There has been much more on the Committee on Capital Markets Regulation (a.k.a. the Paulson Committee) and its potential litigation recommendations in the Wall Street Journal this week.

(1) An op-ed (subscrip. req’d) in Monday’s edition, written by two Committee members, discussed the Committee’s concerns and goals.

Quote of note: “In addition to regulation and accounting standards, the liability system can also affect the competitiveness of U.S. markets. Firms are sometimes confronted with circumstances in litigation, including securities class-action suits, where even a small probability of loss, given the size of claims, could result in bankruptcy. Consequently, companies often must agree to large settlements that result in reduced value for shareholders rather than pursuing a successful outcome on the merits of its case.”
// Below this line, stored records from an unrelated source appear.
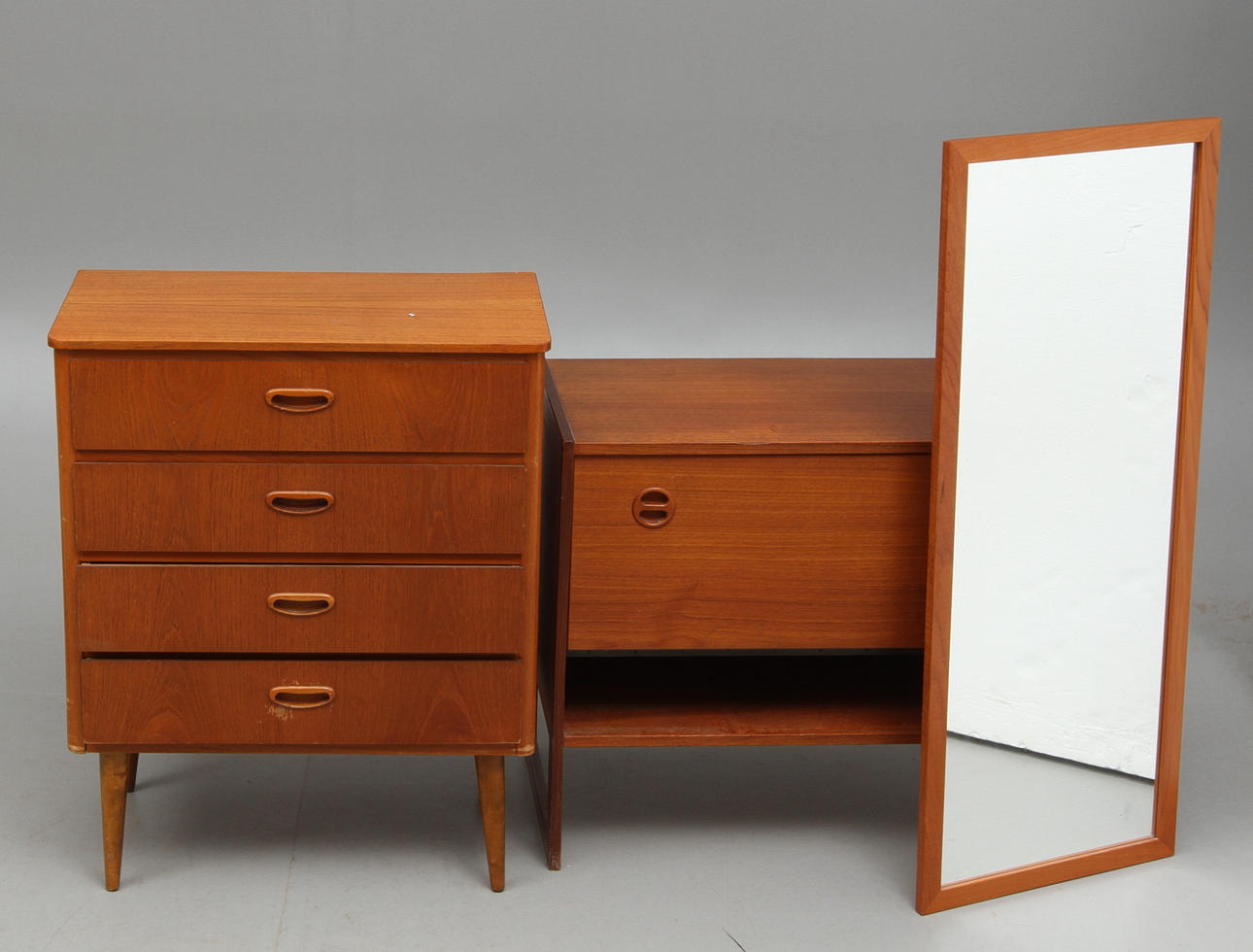 BYRÅAR, 2 st, och SPEGEL, teak, 1900-talets andra hälft.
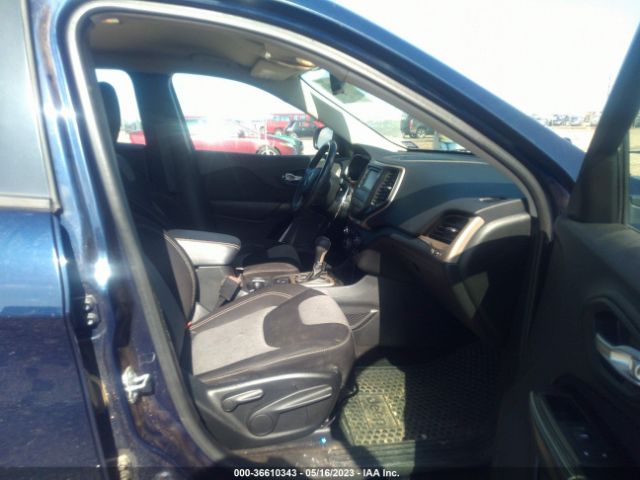 1C4PJLAB3EW185260 Jeep Cherokee Sport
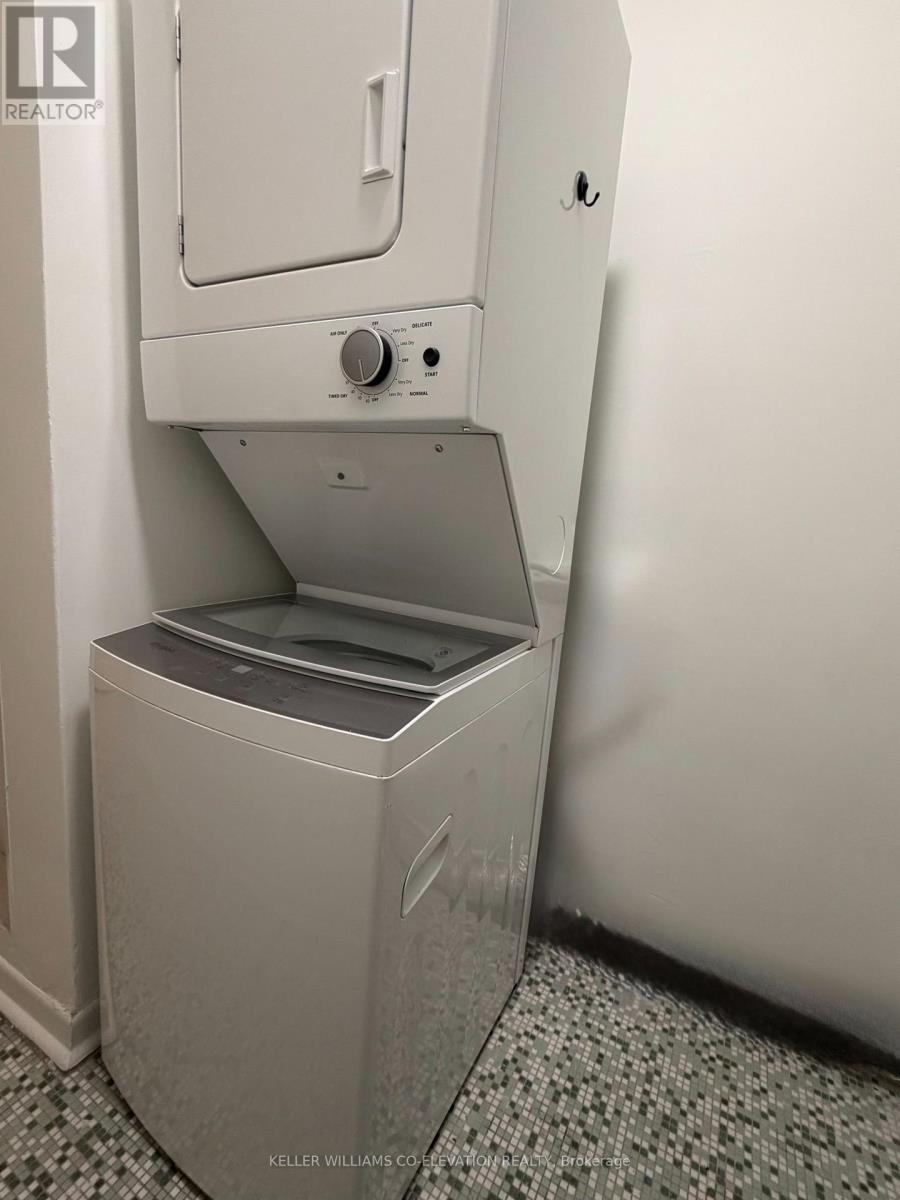 2nd Floor - 2204 Bloor Street W, Toronto, Ontario  M6S 1N4 - Photo 14 - W12708392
(2) An article (subscrip. req’d) in Wednesday’s edition discussed the desire of accounting firms to limit the potential liability for their audit work and the Committee’s possible recommendations on this issue.

Quote of note: “Recognizing, though, that auditor liability overhaul might be a tough sell on Capitol Hill, the committee may suggest that the U.S. Securities and Exchange Commission come up with a solution, Mr. Scott said. ‘The SEC could modify their own rules regarding liability,’ he added. One idea under study: Allowing accounting firms to negotiate liability caps with clients, a practice now barred to preserve auditors’ independence.”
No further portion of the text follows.